## Problem details
Write out, exactly and in full, the line where "2021 TOYOTA PRIUS PRIM - JTDKAMFP8M3176722" appears together with all lines that follow it in the entries below. Do not include pictures.

__________________________________________________

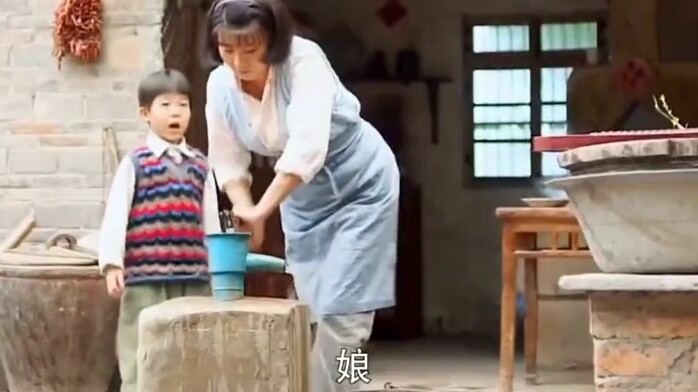 Bibi selingkuh dari suaminya, dan ketahuan oleh keponakannya.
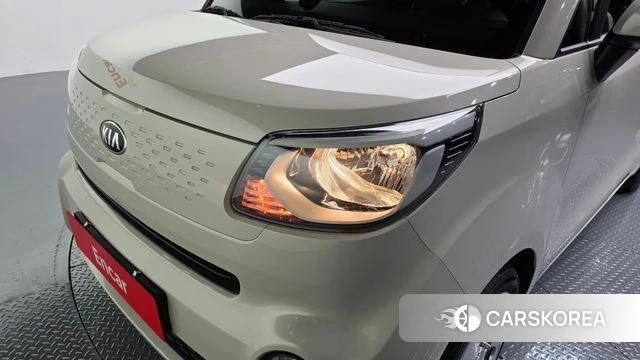 Kia The New Ray id 4501996 из Кореи 14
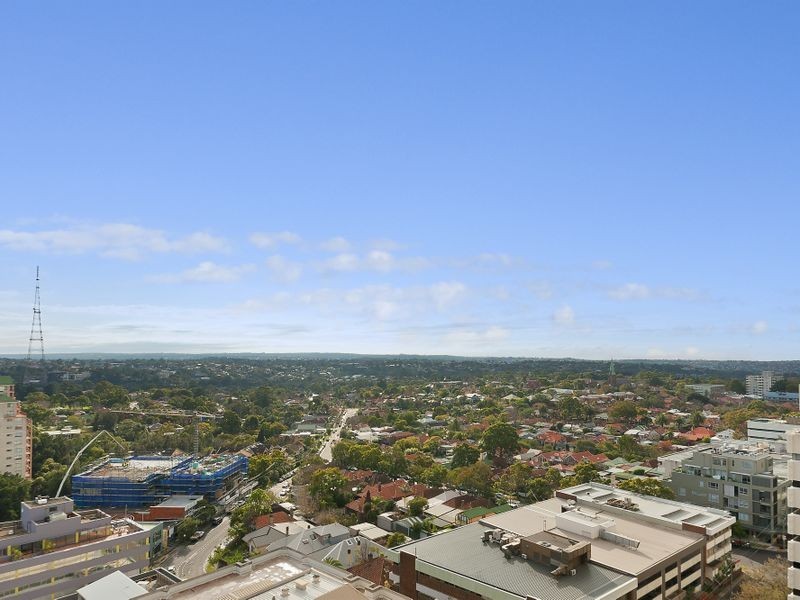 1512/1 Sergeants Lane, St Leonards NSW 2065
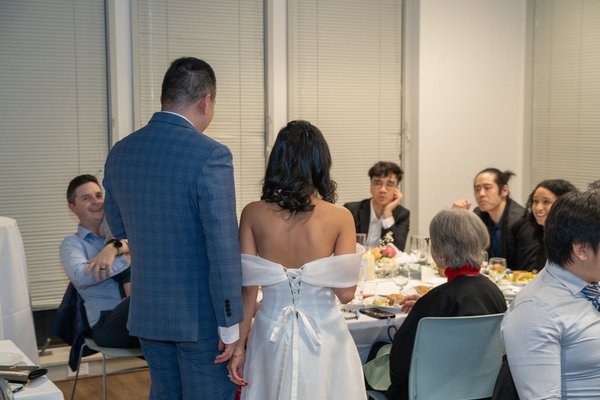 Edward and Micah's Wedding — wedding photography by Stephen Lawson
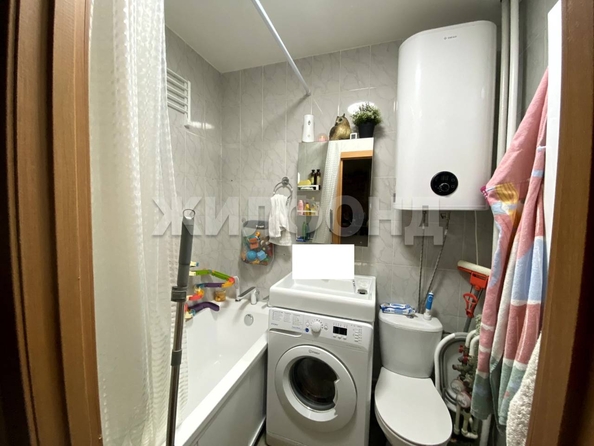
  Продается 1-комн. квартира, 25.5 м², Петухова ул, д. 99
. Фото 7.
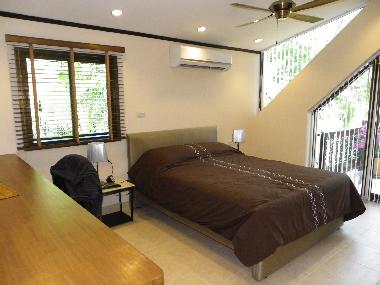 Maison de vacances /en/au Koh Samui (Surat Thani)ou appartement ou maison de vacances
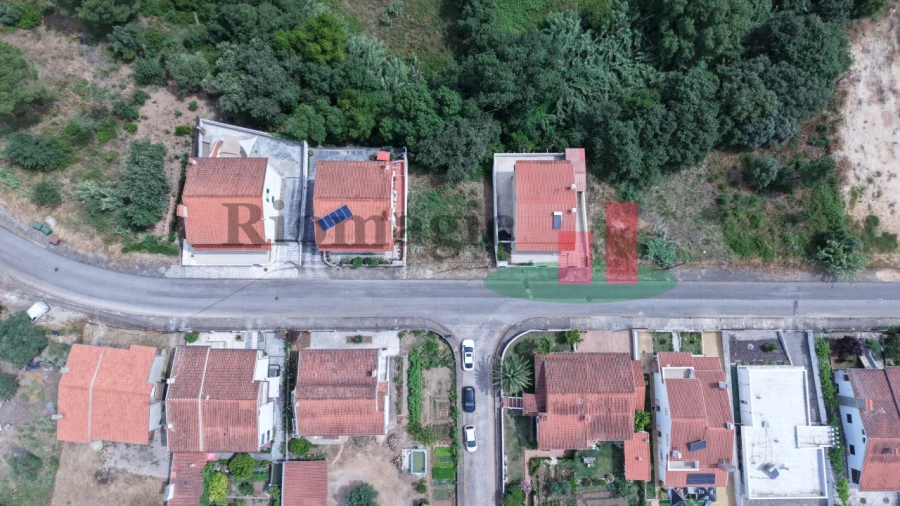 Terreno para Venda em Abrantes (São Vicente e São João) e Alferrarede Foto 20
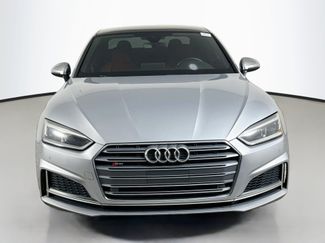 Used 2018 Audi S5 Premium Plus w/ Navigation Package AWD/4WD video 2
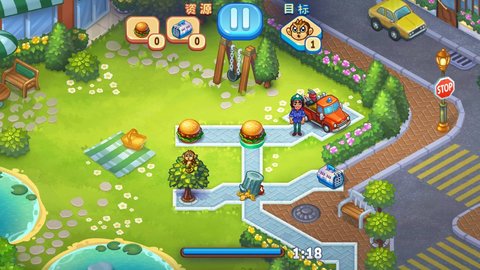 动物园救援队 2.8.0 安卓版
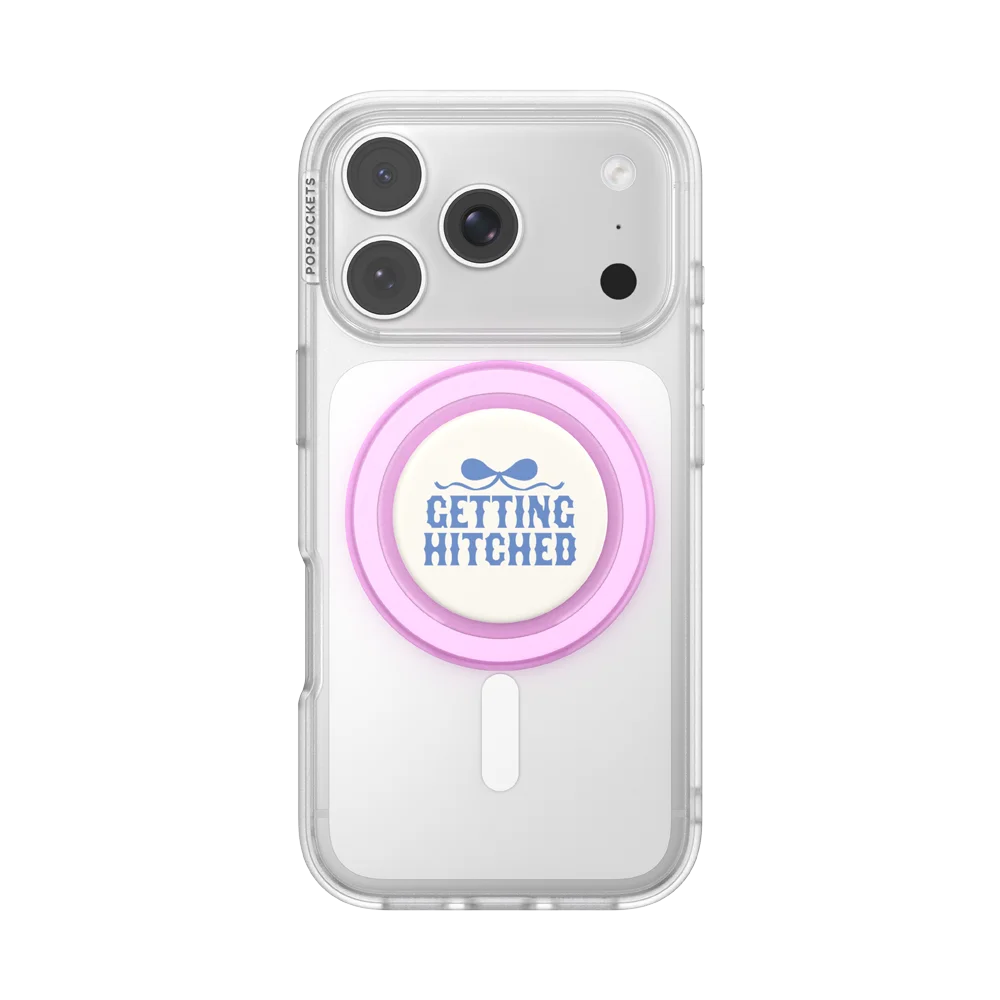 Bridal Pop Grips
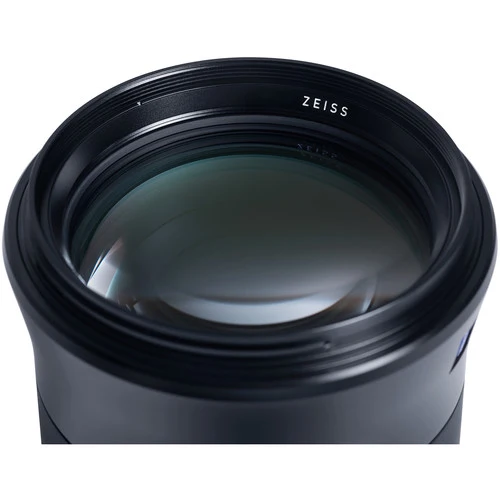 Zeiss Otus 100mm f / 1.4 ZE pour Canon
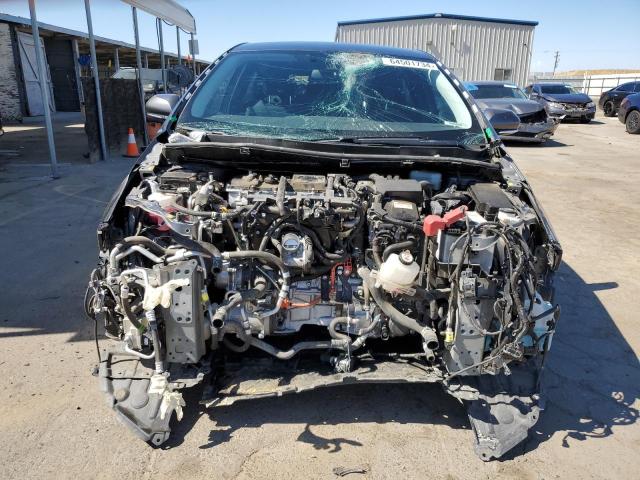 2021 TOYOTA PRIUS PRIM - JTDKAMFP8M3176722
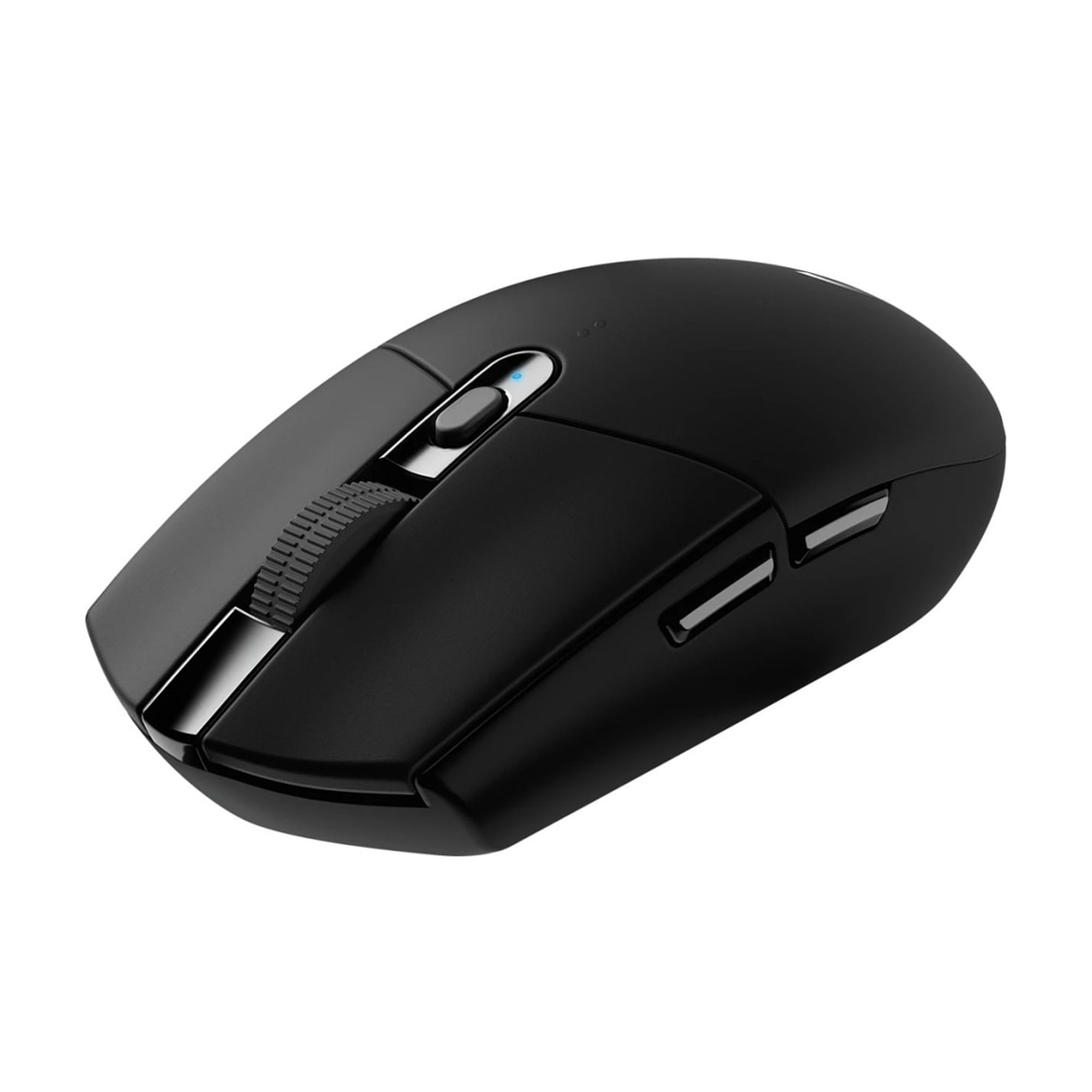 Mouse Gaming Inalámbrico Logitech G305 Lightspeed Negro 3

__________________________________________________

## Response
 2021 TOYOTA PRIUS PRIM - JTDKAMFP8M3176722
 Mouse Gaming Inalámbrico Logitech G305 Lightspeed Negro 3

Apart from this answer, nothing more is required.